Brentwood Academy, a private school in Tennessee and a TSSAA member, was sanctioned for violating the prohibition on recruiting student-athletes through the exertion of "undue influence." Brentwood's football coach sent a letter to twelve eighth graders who planned to attend Brentwood the following fall; the letter informed them that they were eligible to participate in spring practice and, although they did not have to, it would be to their "advantage" to do so. Brentwood sued, arguing that the enforcement of the recruiting rule against it violated the school's free-speech and due process rights.
This is the second trip to the Court for these parties. In 2001, the Court held that the TSSAA--which is not an official state agency, but a private membership organization comprised of public and private schools whose regulatory authority over interscholastic athletics long has been recognized by the Tennessee State School Board--is a state actor and thus subject to constitutional limitations. The Court now will consider whether the TSSAA's rules against recruiting student-athletes are constitutionally valid.

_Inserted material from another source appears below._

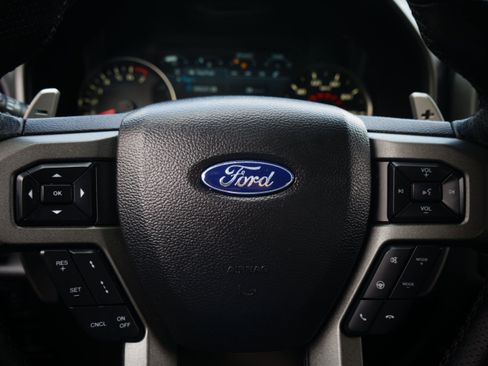 Used 2019 Ford F150 Raptor w/ Equipment Group 802A Luxury AWD/4WD image 19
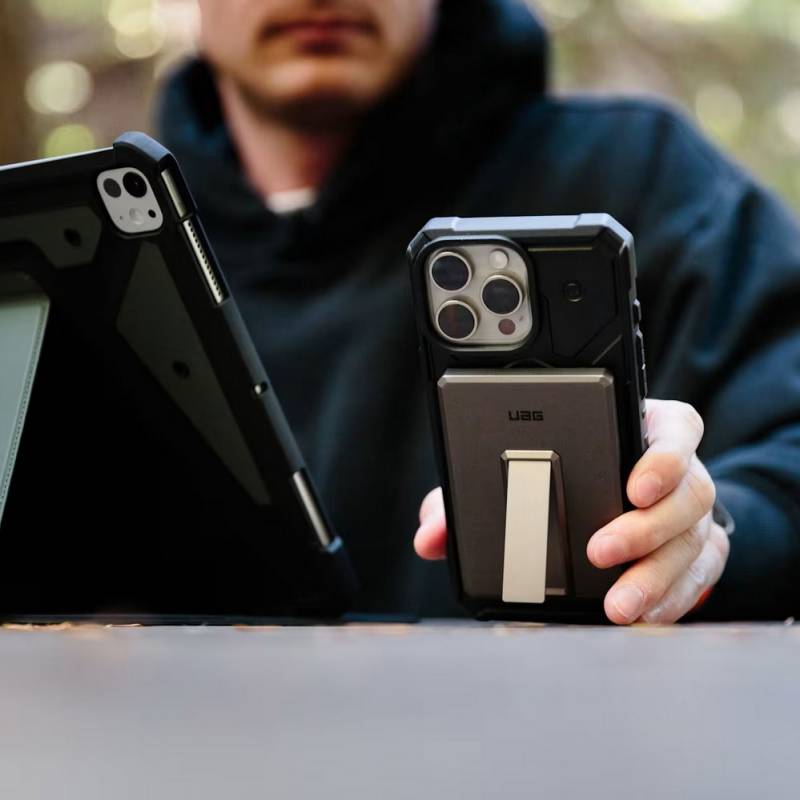 Gear Diary's 2026 Father's Day Gift Guide & Giveaway: Smart, Stylish, and Useful Gifts That Dad Will Love 87 UAG SRGE Slim Power Bank + Stand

The court of appeals held that the anti-recruiting rule was unconstitutional as applied to Brentwood for two reasons. First, the letter to the prospective student-athletes did not impose undue or unfair influence on them, because neither the students nor their parents felt imposed upon and, in fact, welcomed, the information from the school. Second, TSSAA's desire to ensure a level competitive athletic playing field (by preventing some schools, particularly private schools, from stockpiling talent by enticing, pressuring, or convincing talented athletes to attend) was not a substantial governmental interest that justifies limitations on free expression such as the anti-recruiting rule.
The latter point is potentially far-reaching, since organizations such as the TSSAA (or, for that matter, the NCAA, which filed an amicus curiae brief in support of the TSSAA) exist specifically to ensure competitive balance in interscholastic athletics. If that interest does not justify some limitations on expression (such as recruiting contacts between schools and student-athletes), the organization no longer can perform its regulatory function, at least with respect to private schools.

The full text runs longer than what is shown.